Rabbit-hole #5: FORTH — Retargetable Codegen and the Forward-Reference Problem

After dictionary compaction turns one Forth source tree into different vertical profiles, the next rabbit trail goes horizontal: how does the same self-hosted Forth compiler target COR24, WASM, RV32I, or S/360 without forking the language, and how do forward references and mutually recursive words survive that split?

Dictionary compaction was the vertical problem: one Forth source tree, many images, each with a different amount of development machinery stripped away. Retargetable code generation is the horizontal problem: one source tree, many machines, each with a different instruction set, calling convention, memory model, and set of awkward things the compiler cannot pretend are the same.

Resource	Link
Play in Browser	COR24 Forth Demo
Kernel Repo	sw-embed/sw-cor24-forth
Prior post	Rabbit-hole #4: FORTH — Dictionary Compaction and Specialized Images
Overview post	Embedded #3: Self-Hosting Spectrum
Comments	Discord

The Vertical Split Was Only Half the Problem

Part 4 framed the Forth composer as a way to build different profiles from the same source:

Profile	Keeps	Drops
dev	names, `FIND`, `CREATE`, REPL, instrumentation	almost nothing
runtime	compiled CFAs, primitives, inner loop	names, compiler, REPL, dead words
debug-runtime	compiled CFAs plus symbols and trace hooks	full interactive machinery

That is vertical specialization. The target machine stays the same; the amount of Forth you carry into the final artifact changes.

Retargetable codegen asks a different question:

What if the profile is the same, but the output machine changes?

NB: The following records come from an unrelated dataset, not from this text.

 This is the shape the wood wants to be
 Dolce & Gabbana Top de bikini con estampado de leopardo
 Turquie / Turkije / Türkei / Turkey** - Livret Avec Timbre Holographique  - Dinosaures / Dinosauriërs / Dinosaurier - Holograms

COR24 wants one shape of branch. WASM wants another. RV32I has registers and load/store rules that do not resemble a tiny threaded-code VM. S/360 brings condition codes, base registers, and a whole cultural memory of what “assembly” means.

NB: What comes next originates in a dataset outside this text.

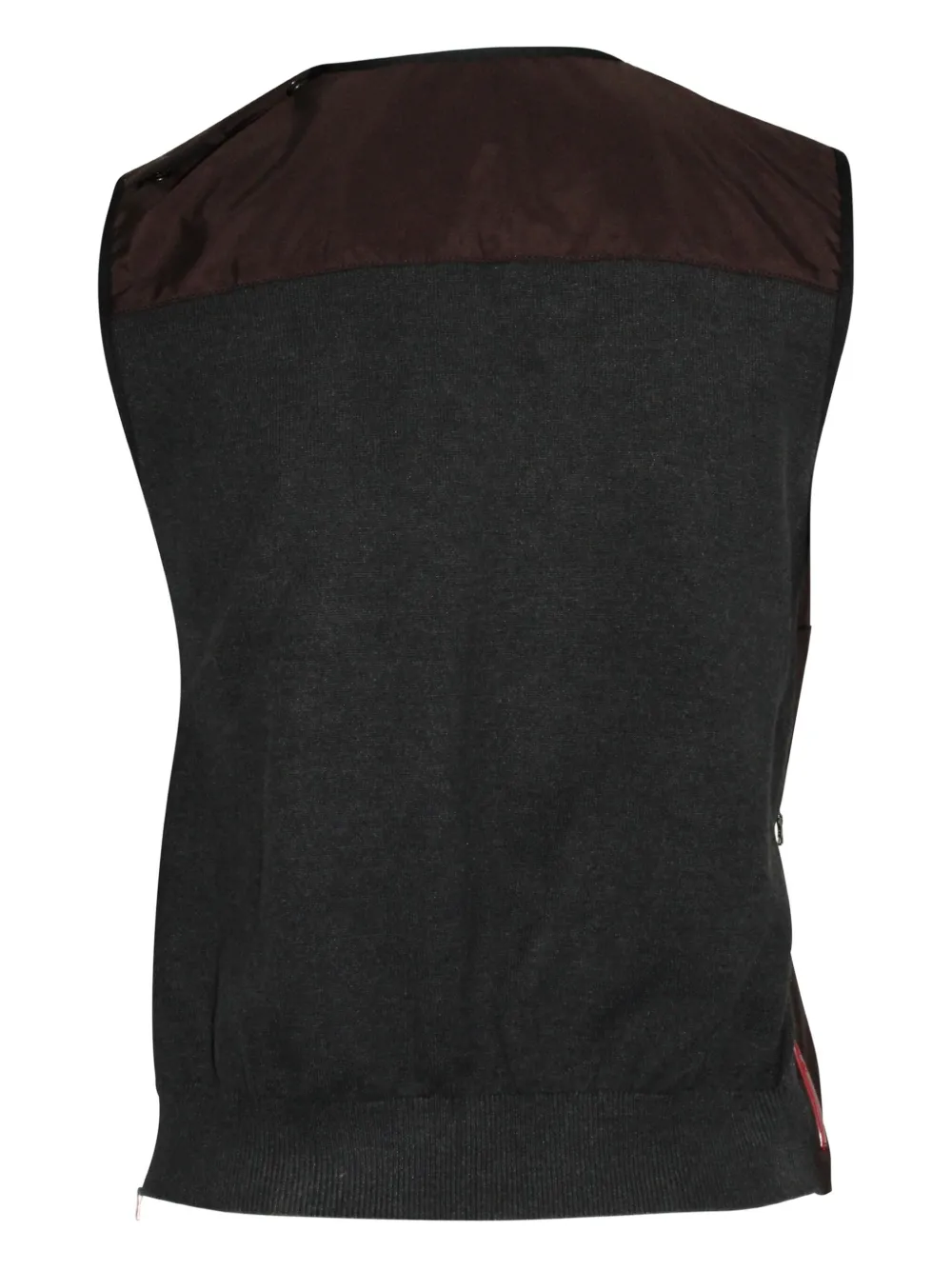 Pre-owned Prada Two-tone Sleeveless Top In Brown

If the compiler is self-hosted, this cannot be solved by hiding everything behind a giant external backend forever. Eventually the Forth system itself needs to describe what it emits.

The Tempting Bad Design

The easiest design to imagine is also the one that rots first:

: EMIT-CALL
  TARGET-COR24 IF ... THEN
  TARGET-WASM  IF ... THEN
  TARGET-RV32I IF ... THEN
  TARGET-S360  IF ... THEN ;

Do that for CALL, BRANCH, literals, stack effects, memory access, returns, labels, and relocations, and the compiler becomes a pile of target checks. Every new target edits shared code. Every feature test is now a backend integration test. The source language has no clean boundary from the machines it targets.

That is not a retargetable compiler. That is a compiler with a target-shaped rash.

A Better Boundary: Operations, Not Instructions

The useful split is between semantic operations and target encodings.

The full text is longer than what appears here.